Recognizing the fact that the required knowledge for addressing the above problem successfully with such strict time constraints is really lacking today, the main aim of the present study is to try to close this gap by proposing a new approach based on Machine Learning (ML) methodologies. The key novelty lies in proposing a new coherent set of proper variables (features), either observed or modeled, with some of them presented for the first time. Such a set has to take into consideration all the underlying physics, if possible, but in a simple and inclusive way. Such an approach is needed to serve the following two main purposes: (a) provide the operators a reliable but simple method to work with successfully and (b) pave the way for exploring such novel methods in the general area of air quality assessment and probably beyond. The whole approach is presented and demonstrated through a case study in which the source position is known but the total mass released can be unknown and needs to be estimated. Since this is the first attempt, the obtained demonstration results have at least to enhance the credibility of the proposed approach and, consequently, provide validation results and set the basis for its future systematic validation and evaluation effort.

2. Methods

2.1. The Problem and the Case Study

The problem of interest here can be described in more detail as follows: Let us consider a site in an urban microenvironment that has the potential to face a deliberate or accidental short-duration release of a specific hazardous pollutant/agent at a location within the site. The site is continuously monitored (a) by a network of sensors measuring online the pollutant concentration and (b) by a nearby meteorological station providing air data at a location well above the urban canopy. The user demand, once sensor(s) start indicating a release, is to become fast but reliable information on the pollutant mass released.
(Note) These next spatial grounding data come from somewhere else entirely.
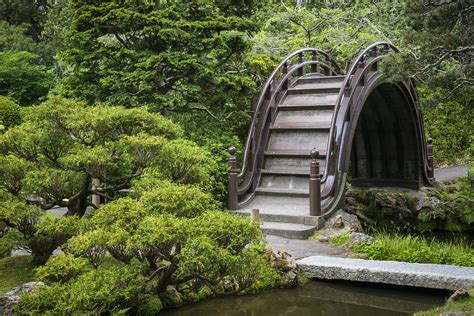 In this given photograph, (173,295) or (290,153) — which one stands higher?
(290,153)

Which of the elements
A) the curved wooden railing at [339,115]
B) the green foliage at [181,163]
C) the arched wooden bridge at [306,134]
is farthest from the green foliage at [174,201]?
the curved wooden railing at [339,115]

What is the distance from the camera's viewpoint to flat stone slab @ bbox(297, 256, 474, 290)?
6125 mm

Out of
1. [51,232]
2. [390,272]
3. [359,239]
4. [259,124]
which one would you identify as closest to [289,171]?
[259,124]

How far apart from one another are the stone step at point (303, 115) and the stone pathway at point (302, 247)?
11.8 ft

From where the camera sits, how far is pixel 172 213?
5242mm

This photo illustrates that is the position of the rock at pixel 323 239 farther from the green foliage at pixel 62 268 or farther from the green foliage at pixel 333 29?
the green foliage at pixel 333 29

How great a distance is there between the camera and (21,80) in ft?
57.2

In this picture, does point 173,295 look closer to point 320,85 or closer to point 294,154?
point 294,154

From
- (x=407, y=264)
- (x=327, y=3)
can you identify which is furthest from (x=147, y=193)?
(x=327, y=3)

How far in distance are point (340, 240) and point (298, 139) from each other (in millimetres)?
3364

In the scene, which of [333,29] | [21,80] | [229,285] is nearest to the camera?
[229,285]

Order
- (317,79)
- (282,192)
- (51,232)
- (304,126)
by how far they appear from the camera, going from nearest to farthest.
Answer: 1. (51,232)
2. (282,192)
3. (304,126)
4. (317,79)

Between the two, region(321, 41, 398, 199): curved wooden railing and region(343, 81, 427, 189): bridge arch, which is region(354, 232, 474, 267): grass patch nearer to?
region(321, 41, 398, 199): curved wooden railing

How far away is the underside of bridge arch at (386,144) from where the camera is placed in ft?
47.3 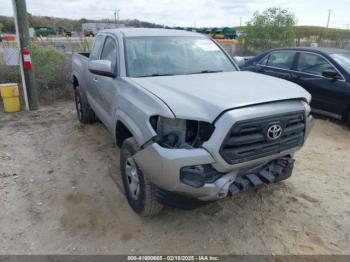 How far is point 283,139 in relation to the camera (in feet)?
9.53

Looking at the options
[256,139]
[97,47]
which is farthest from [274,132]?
[97,47]

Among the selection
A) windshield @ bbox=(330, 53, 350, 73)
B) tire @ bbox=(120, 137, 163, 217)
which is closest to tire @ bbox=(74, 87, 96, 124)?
tire @ bbox=(120, 137, 163, 217)

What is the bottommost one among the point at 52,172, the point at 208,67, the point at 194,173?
the point at 52,172

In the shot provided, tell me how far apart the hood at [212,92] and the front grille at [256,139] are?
171 mm

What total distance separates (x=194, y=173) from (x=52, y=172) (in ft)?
8.52

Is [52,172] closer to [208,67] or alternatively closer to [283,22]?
[208,67]

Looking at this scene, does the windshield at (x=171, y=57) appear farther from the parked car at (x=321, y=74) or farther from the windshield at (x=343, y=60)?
the windshield at (x=343, y=60)

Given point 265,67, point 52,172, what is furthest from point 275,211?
point 265,67

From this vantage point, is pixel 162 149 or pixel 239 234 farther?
pixel 239 234

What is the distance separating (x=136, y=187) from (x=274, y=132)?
145 centimetres

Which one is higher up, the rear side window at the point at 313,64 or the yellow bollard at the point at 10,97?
the rear side window at the point at 313,64

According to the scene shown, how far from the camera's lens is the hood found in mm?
2607

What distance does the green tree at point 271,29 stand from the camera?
14594 millimetres

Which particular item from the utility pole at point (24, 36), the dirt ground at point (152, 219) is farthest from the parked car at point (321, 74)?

The effort here is to examine how this demand can be fulfilled by applying well-established machine learning algorithms supported by historical and present (online) data.
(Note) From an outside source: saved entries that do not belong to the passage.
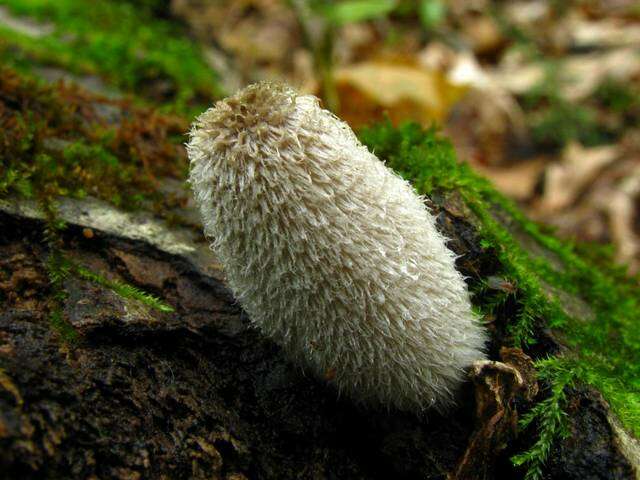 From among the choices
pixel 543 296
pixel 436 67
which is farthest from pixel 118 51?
pixel 436 67

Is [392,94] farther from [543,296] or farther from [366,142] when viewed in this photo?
[543,296]

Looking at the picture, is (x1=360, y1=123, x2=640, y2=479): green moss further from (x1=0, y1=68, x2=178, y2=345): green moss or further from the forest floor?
(x1=0, y1=68, x2=178, y2=345): green moss

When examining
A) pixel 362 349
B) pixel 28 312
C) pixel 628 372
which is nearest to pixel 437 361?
pixel 362 349

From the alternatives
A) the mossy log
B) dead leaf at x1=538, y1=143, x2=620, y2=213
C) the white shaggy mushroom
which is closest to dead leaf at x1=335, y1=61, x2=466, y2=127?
dead leaf at x1=538, y1=143, x2=620, y2=213

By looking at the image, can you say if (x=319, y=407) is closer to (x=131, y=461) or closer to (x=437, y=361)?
(x=437, y=361)

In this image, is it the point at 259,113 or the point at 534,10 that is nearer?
the point at 259,113

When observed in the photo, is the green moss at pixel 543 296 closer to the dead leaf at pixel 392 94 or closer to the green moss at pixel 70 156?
the green moss at pixel 70 156

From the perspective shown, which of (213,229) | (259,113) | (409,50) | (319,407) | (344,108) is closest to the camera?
(259,113)

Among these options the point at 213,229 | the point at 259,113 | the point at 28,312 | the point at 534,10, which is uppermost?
the point at 534,10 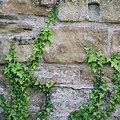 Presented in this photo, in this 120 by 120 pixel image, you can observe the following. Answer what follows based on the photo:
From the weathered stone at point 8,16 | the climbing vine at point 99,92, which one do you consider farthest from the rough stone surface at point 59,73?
the weathered stone at point 8,16

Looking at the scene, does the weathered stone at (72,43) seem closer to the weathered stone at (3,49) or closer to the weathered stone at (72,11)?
the weathered stone at (72,11)

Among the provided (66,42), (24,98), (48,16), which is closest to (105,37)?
(66,42)

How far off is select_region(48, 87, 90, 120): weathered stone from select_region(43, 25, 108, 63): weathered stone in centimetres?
20

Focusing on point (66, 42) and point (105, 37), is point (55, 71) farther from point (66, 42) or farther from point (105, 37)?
point (105, 37)

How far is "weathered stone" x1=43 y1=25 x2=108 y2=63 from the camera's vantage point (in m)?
1.81

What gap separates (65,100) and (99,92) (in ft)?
0.72

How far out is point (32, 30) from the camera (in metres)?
1.81

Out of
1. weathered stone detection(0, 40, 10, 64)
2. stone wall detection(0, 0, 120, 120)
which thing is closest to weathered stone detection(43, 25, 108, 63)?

Since in the present study, the proposed methodology is quite new, a careful stepwise approach seems more appropriate. Thus, the present problem is restricted to cases where the source location and the onset of the release are considered as identifiable and the real unknown is the total mass released. It is also assumed that the pollutant behaves as a passive tracer. The latter approximation is not far from reality in most cases where the density of the pollutant/air mixture does not differ considerably from that of the surrounding unaffected air.
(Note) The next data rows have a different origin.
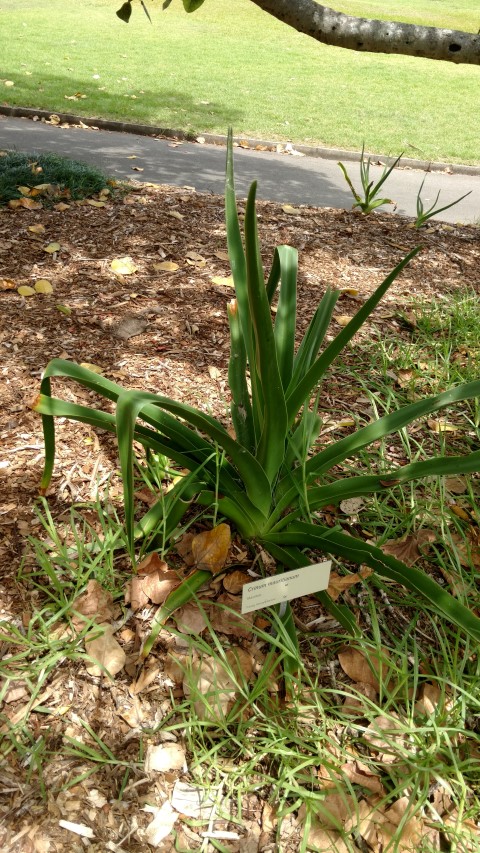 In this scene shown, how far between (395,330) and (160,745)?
211 cm

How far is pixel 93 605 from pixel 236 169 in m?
5.83

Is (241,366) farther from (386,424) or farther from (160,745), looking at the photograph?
(160,745)

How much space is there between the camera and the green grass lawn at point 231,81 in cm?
823

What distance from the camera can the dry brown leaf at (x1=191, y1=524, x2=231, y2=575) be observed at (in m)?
1.58

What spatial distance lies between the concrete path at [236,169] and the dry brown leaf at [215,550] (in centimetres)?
418

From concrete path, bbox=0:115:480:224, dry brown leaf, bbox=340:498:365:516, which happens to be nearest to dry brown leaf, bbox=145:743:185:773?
dry brown leaf, bbox=340:498:365:516

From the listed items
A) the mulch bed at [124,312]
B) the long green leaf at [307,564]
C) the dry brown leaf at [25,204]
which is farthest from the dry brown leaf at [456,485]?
the dry brown leaf at [25,204]

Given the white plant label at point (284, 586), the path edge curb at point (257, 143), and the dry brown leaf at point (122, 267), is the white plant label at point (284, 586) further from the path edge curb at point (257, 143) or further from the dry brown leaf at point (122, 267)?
the path edge curb at point (257, 143)

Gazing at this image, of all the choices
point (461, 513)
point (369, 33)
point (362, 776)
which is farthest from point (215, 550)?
point (369, 33)

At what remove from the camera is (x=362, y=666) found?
4.86ft

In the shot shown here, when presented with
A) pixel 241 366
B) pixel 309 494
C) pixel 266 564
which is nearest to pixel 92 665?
pixel 266 564

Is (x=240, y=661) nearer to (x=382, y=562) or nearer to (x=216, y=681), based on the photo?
(x=216, y=681)

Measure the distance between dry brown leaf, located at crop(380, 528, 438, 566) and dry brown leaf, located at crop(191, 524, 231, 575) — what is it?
45 centimetres

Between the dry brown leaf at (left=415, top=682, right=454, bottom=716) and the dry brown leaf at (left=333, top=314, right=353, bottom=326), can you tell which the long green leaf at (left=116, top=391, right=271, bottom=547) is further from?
the dry brown leaf at (left=333, top=314, right=353, bottom=326) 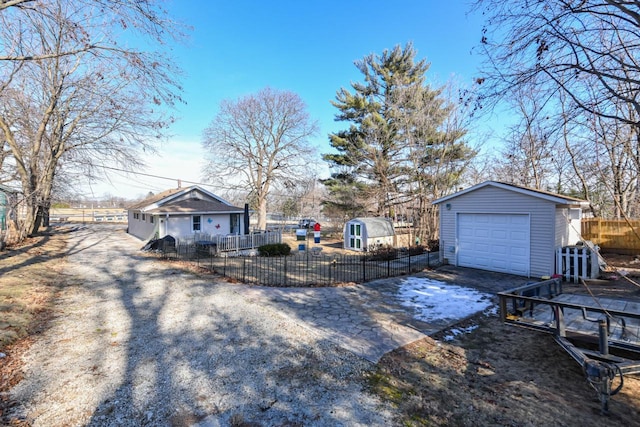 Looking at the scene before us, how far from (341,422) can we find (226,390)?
1.39 m

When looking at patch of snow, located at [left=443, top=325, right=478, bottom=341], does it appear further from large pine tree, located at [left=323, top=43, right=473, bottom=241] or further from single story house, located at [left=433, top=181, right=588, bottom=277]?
large pine tree, located at [left=323, top=43, right=473, bottom=241]

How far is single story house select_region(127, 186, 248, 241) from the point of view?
60.6 ft

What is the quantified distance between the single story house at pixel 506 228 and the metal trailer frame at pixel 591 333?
4.91m

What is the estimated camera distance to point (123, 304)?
6691 millimetres

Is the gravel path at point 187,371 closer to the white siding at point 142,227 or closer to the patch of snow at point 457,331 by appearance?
the patch of snow at point 457,331

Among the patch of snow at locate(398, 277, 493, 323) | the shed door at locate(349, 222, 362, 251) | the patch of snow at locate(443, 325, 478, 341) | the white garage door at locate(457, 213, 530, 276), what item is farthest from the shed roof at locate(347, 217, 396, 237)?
the patch of snow at locate(443, 325, 478, 341)

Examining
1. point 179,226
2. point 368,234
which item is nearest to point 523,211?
point 368,234

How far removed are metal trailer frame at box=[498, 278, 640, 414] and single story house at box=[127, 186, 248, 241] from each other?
1801 centimetres

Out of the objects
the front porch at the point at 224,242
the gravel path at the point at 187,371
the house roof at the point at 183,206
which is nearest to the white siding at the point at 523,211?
the gravel path at the point at 187,371

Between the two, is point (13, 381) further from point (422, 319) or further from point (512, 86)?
point (512, 86)

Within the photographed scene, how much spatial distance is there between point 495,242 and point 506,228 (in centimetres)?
61

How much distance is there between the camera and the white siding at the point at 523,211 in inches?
360

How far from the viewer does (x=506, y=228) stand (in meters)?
10.1

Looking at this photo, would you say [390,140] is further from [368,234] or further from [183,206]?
[183,206] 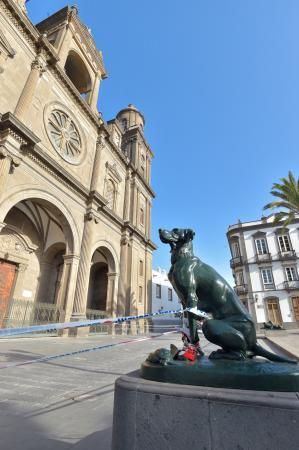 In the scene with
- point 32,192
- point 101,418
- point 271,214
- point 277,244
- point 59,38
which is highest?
point 59,38

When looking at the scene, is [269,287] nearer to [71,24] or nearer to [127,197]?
[127,197]

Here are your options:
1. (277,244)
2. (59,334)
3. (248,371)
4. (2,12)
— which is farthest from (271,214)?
(248,371)

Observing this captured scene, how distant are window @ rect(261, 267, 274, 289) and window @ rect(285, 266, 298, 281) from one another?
67.1 inches

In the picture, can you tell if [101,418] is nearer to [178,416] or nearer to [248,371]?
[178,416]

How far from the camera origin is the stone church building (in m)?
11.5

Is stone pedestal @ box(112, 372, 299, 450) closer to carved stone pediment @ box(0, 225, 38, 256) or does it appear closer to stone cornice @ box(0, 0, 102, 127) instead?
carved stone pediment @ box(0, 225, 38, 256)

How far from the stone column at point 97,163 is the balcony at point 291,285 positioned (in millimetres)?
22913

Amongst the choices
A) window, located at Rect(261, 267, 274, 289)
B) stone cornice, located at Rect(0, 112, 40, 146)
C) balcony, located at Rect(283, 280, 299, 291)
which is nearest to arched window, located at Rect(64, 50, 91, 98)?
stone cornice, located at Rect(0, 112, 40, 146)

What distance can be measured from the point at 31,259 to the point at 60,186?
508 centimetres

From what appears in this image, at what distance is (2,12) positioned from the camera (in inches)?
458

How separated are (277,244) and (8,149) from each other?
2860 cm

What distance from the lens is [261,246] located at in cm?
2888

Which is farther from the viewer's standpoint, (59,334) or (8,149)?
(59,334)

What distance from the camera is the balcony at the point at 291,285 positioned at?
25.6 meters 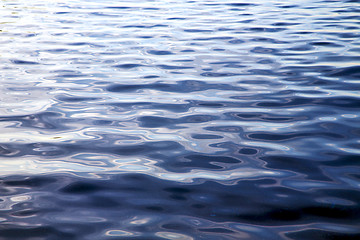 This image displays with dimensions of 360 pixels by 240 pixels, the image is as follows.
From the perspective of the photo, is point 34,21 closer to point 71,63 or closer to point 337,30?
point 71,63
Looking at the literature for extraction of a case study resembling, to a large extent, the above problem, we ended up at the Joint Urban 2003 (JU2003) field experiments [10]. It is noticed that this experiment has been extensively used for dispersion model validation studies (e.g., [11]). A number of instantaneous puffs of sulfur hexafluoride (SF₆) tracer gas were released at street level in a built-up urban center (Oklahoma City) in order to provide a high-quality data set on atmospheric dispersion inside an urban area to be used for model validation purposes. One of the JU2003 experiments, the well-studied IOP3 Experiment [11], concerns successive SF₆ releases. More specifically, it includes four (4) successive instantaneous near-ground releases of 1 kg each. The releases were carried out on 7 July 2003 at local times (CST) 8:00 (Puff 1), 8:20 (Puff 2), 8:40 (Puff 3), and 9:00 (Puff 4). Following each puff release, measured concentration signals were produced by a number of sensors (placed downstream of the release location according to the incoming wind direction) with 0.5 s resolution. In addition, an anemometer installed 40m above the ground upwind of the city center provided wind data time series with 1 min resolution.

The experimental layout for IOP3 is shown in Figure 1. All sensors providing successful concentration signals have been considered; more specifically, Puff 1 (sensors: s0, s1, s3, s4, and s8), Puff 2 (sensors: s0, s3, and s6), Puff 3 (sensors: s0, s1, s3, s4, s8, and s9), and Puff 4 (sensors: s0, s1, s3, s6, and s8).

Figure 1. The IOP3 experiment layout: puff release (red) and sensor’s locations (blue).

2.2. The Methodology

The basic idea here is to use an appropriate, well-established ML algorithm in order to build a regression model trained by a set of appropriate input variables structured from relevant historical and online data to predict online the proposed target variable.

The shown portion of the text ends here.